Condos encourages voters to have a voting plan

Montpelier, VT – Today Secretary of State Jim Condos encouraged Vermont voters to have a voting plan for the Tuesday, August 9th Statewide Primary Election.

Photo courtesy of state of Vermont

Vermont Secretary of State Jim Condos

“The primaries are an important opportunity for voters to have their voices heard at the ballot box, where they decide what major party candidates will appear on the November General Election ballot,” said Condos. “This is a ‘once in a generation’ primary, and I want to encourage every single eligible Vermont voter to have a voting plan for how they will get to the polls to vote tomorrow, if they have not already cast a ballot early.”

Studies have shown that making a specific plan, including determining how and when a voter will get to the polls, makes it much more likely that a person will follow through.

All Vermont polls must open by 10am, and must close at 7pm. Voters should check or directly with their Town or City Clerk to verify their polling place location and opening time.

Anyone who has requested a ballot and who has not returned it to the Clerk before election day should bring their voted and unvoted ballots directly to the polls before 7pm on Tuesday. If they have lost their ballot, they can still vote at the polls but must sign an affidavit that they have not already returned a voted ballot.

Vermont’s same day registration law enables voters to register and cast a ballot on election day. 17 year-olds are eligible to register and vote in the Primary if they meet the other voter eligibility criteria and will be 18 by the November General Election.

Each polling place is equipped with an accessible voting system available to all voters, which enables voters with a disability or visual impairment to vote privately and independently with an array of assistive devices.

“Your vote is your voice; exercise it,” said Condos. “I hope to see you at the polls tomorrow, if you have not already voted. Our democracy grows stronger when we all vote.”

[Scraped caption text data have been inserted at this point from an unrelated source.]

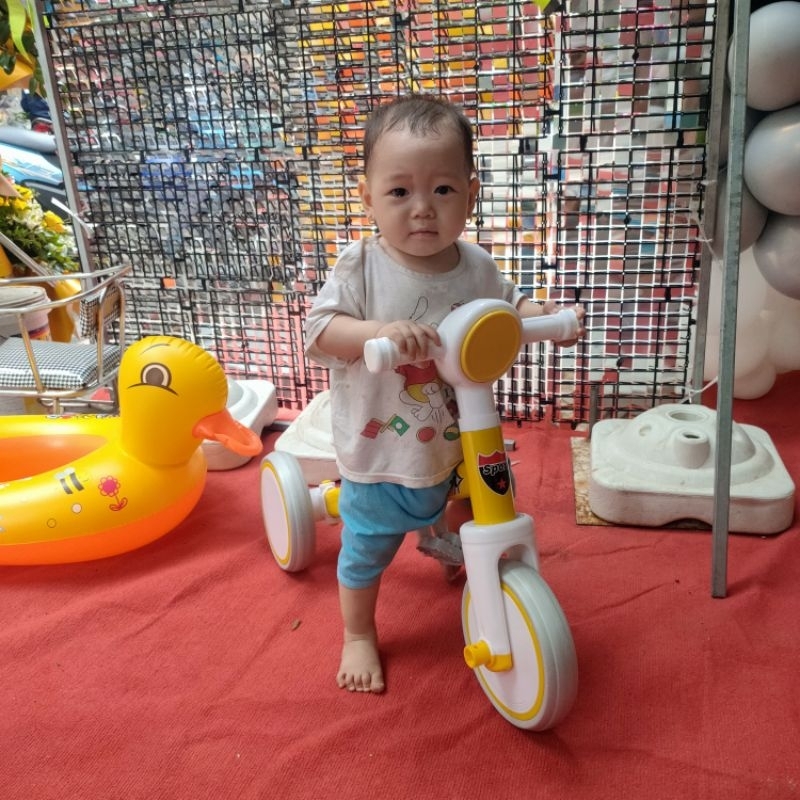 XE ĐẠP SPORT CHUẨN KIÊM XE CHÒI CHÂN 3 TRONG 1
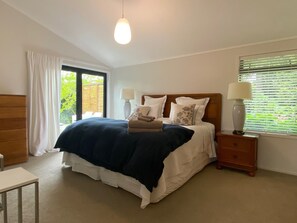 2 bedrooms, desk, iron/ironing board, free WiFi - Beluga - Self contained accommodation (Kerikeri)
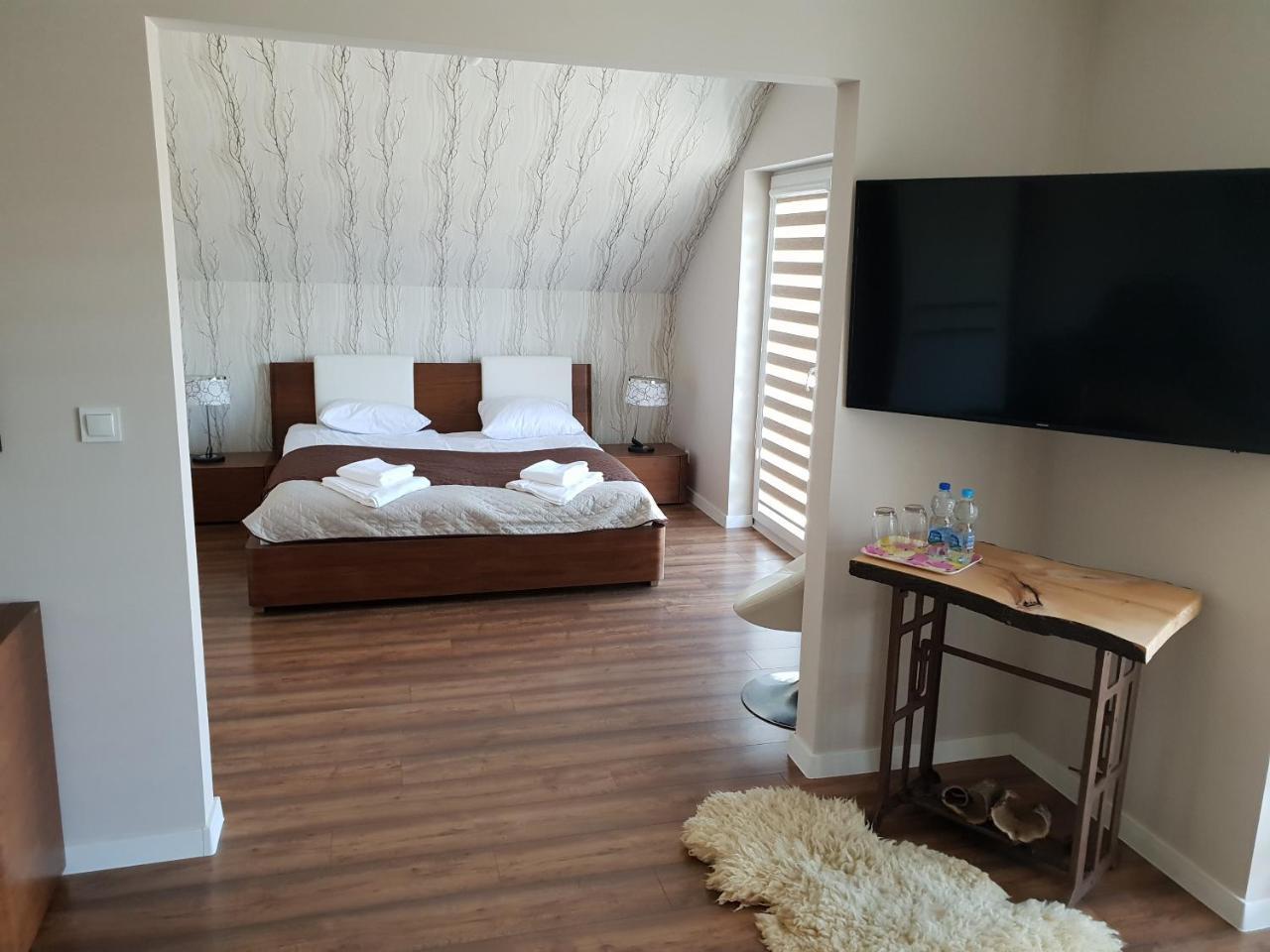 Hotel Pod Strzecha Kielce Kültér fotó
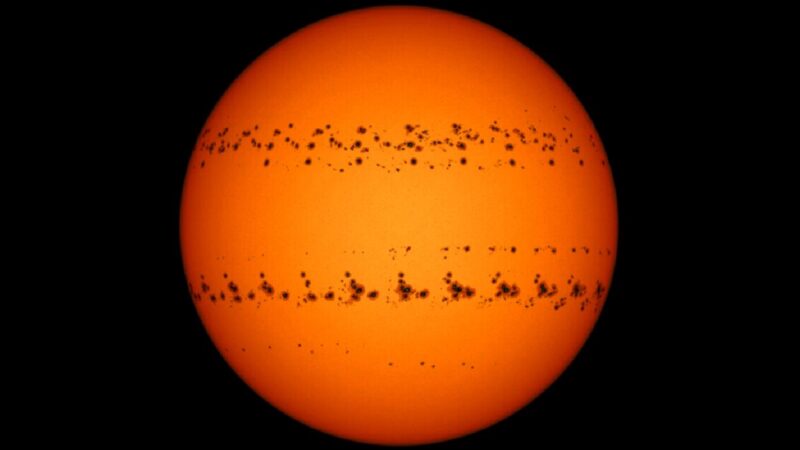 Time-lapse image shows sunspots on the move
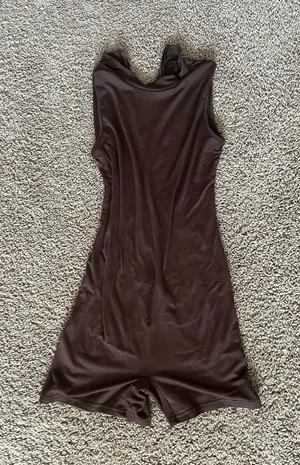 Brown Romper Size M thumbnail 1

Image courtesy of town of Williston

10 thoughts on “Condos encourages voters to have a voting plan

    • Vermont Voting Age Amendment, Proposal 5 was on the November 2, 2010 statewide ballot as a legislatively referred constitutional amendment where it was approved.

      The measure allowed for 17-year-olds to vote in the primary election provided they turn 18 before the general election.[1][2]

      The measure was sponsored by Senator Jeannette White.

      Election results:
      Vermont Proposal 5 (2010) (Voting Age)
      Votes Percentage
      Yes 134,803 80.81%
      No 32,018 19.19%

      • Isn’t it time to start paying attention to our laws and elections?

        “What We Do in Life Echoes in Eternity.”

        • “If you find yourself alone, riding in the green fields with the sun on your face, do not be troubled. For you are in Elysium , and you’re already dead!”

  1. “Your vote is your voice; exercise it,” says Condon
    Yup, your vote will be changed, and even the dead voters will be counted, Hell you don’t even have to live here but we will count your vote…
    In 2020 more than 12,000 votes were counted and that’s over the registered voters in Vermont. I bet he has fixed it so the democrats will win even after he leaves office.


      Universal mail-out of unrequested ballots to everyone on the bloated registered voter list
      After that, universal harvesting of the excess ballots for filling in by Dem/Prog operatives as they see fit. They get the undeliverable ballots from the US post office, and nursing homes, etc.

      By recently passed law,

      No birth certificate is ALLOWED TO BE ASKED FOR BY A TOWN CLERK

      • Some yahoo comes into a Town Clerk Office.

        He claims he is a citizen, he was born in the US, and has no photo ID, he resides in the town

        He signs an affidavit, and boom the yahoo is registered in Vermont.

        The Town Clerk is not allowed to ask any questions, and ask for any proof, by law.

    • Donna, I want to believe you. I need more than your word for this can you provide a link a source or anything to validate your comment mostly about the 12000 extra votes. Thanks

      • There were 506,312 registered voters in Vermont in 2020.
        370,968 Vermonters voted in 2020, breaking the 2008 record of 326,822.
        Only 94,664 mail-in ballots were cast in 2008, when the prior voting record was set.
        The highest number of mail-in ballots ever cast in Vermont (95,203) occurred in 2016.
        In 2020, 280,455 Vermonters cast their ballots by mail – almost 3 times the previous record in 2016.

        Is this definitive proof of anything nefarious? No.

        Because there’s no way to verify if a mail-in voter has returned a ballot in the same election elsewhere. For example, approximately seventy-five percent of Burlington’s 14,000 college students are from out-of-state. That’s about 10,500 out-of-state students at in Burlington alone.

        Rob Roper reported that college students are natural persons, and they are considered legally domiciled in the State – if they sleep here more than six months of the year — which could allow them to Vote in Vermont. But the students must also show evidence of “an intent to maintain a principal dwelling place in the State indefinitely,” which means that they must show in some demonstrable way that they do not intend to leave Vermont after graduation.

        According to Roper, Vermont election officials do not enforce this aspect of the law. And laws are useless if they’re not enforced. So, you be the judge.